DIRECTIONS —
Give the data again exactly as it appears, excluding any pictures.

** Opening DATA LISTING block **

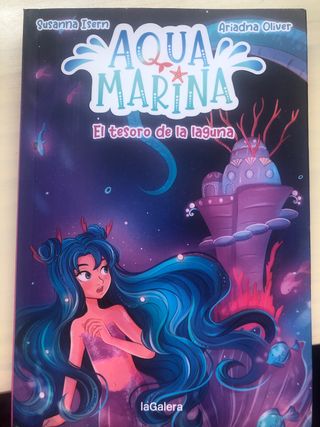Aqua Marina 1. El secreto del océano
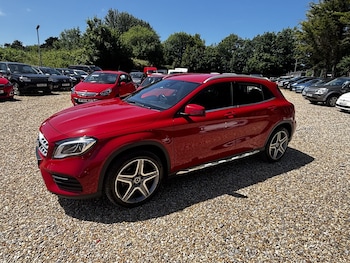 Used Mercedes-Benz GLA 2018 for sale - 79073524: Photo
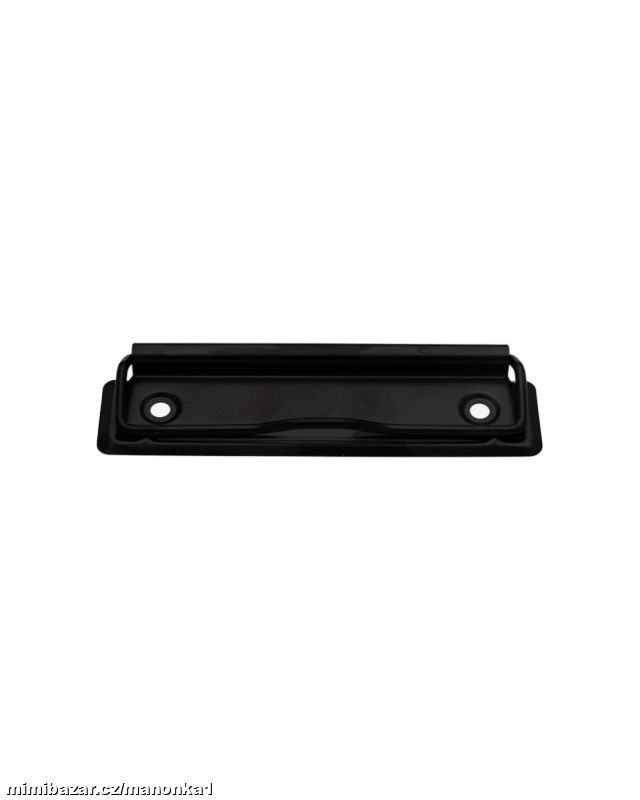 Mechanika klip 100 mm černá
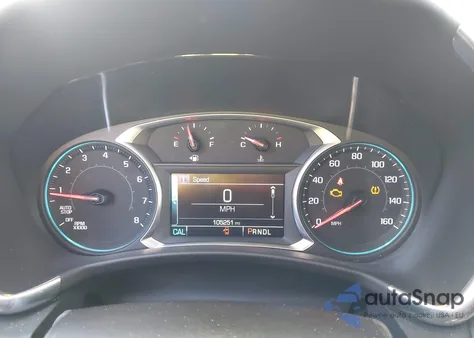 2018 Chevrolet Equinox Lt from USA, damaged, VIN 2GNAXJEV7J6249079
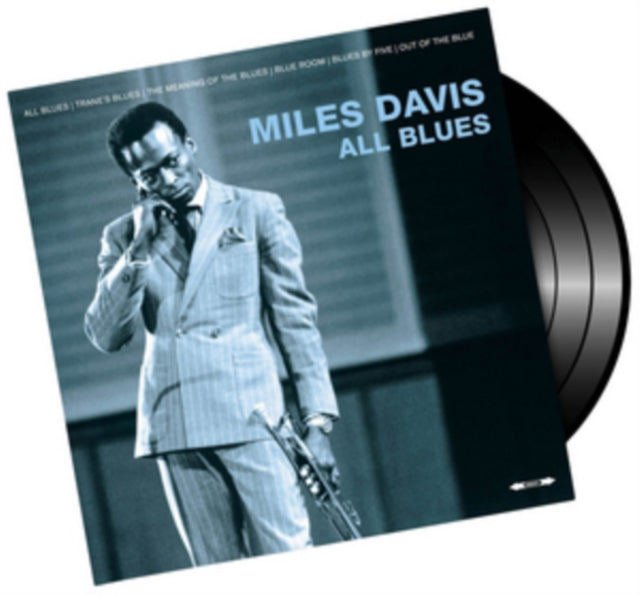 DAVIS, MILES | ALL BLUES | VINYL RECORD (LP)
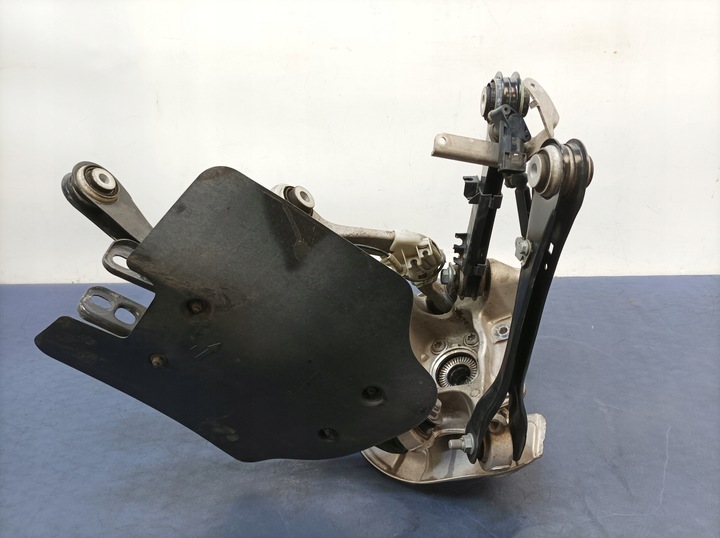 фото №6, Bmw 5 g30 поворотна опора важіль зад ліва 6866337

** Closing DATA LISTING block **

EXERCISE OUTPUT —
Aqua Marina 1. El secreto del océano
 Used Mercedes-Benz GLA 2018 for sale - 79073524: Photo
 Mechanika klip 100 mm černá
 2018 Chevrolet Equinox Lt from USA, damaged, VIN 2GNAXJEV7J6249079
 DAVIS, MILES | ALL BLUES | VINYL RECORD (LP)
 фото №6, Bmw 5 g30 поворотна опора важіль зад ліва 6866337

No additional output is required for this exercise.